Under the changes, to come into effect in July 2022, families with more than one child aged five and under in care will see a 30 per cent increase in the level of subsidy received - to a maximum subsidy of 95 per cent - for their second and subsequent children.
The government said this will benefit 250,000 families.
The $10,560 subsidy cap per child will also be removed for families with a combined income of more than $189,390.
Ms O'Connor said she and her partner Adrian Milne - who is a full-time accountant - were investigating exactly how the changes would affect their Hamilton South family, which includes twins Orlagh and Sadbh, aged three, and son Tadhg, aged two.
But they believe they will be better off.
Ms O'Connor said the family pays $140 a day for child care for their three children and she takes home $450 from two days work.
She said the gap between child care fees and her take home pay would only grow if both the subsidy they received increased and her pay did too.

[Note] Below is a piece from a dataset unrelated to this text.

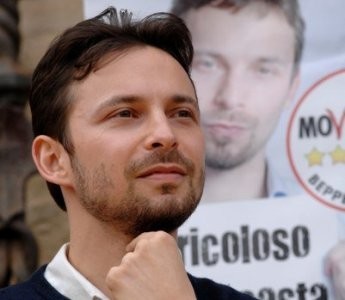 Grillo espelle anche Favia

"If the changes were to come into effect I would definitely put the kids into care for probably three or four days rather than the two, because financially it would be a bit more worth it," she said.
"It would be fantastic, coming from the experience of having the twins where everything doubled at once, to have that opportunity to not feel like you're paying double everything.
"It will make it a lot easier to return to the workforce and not feel like you're not really getting much back from it financially if it's all going to child care.
"They really enjoy the child care as well, especially as three year olds and going on four they get the social benefits from being in care and learn a lot from the centre as well."
She said increasing the twins' days at child care would also help with their transition to school in 2023.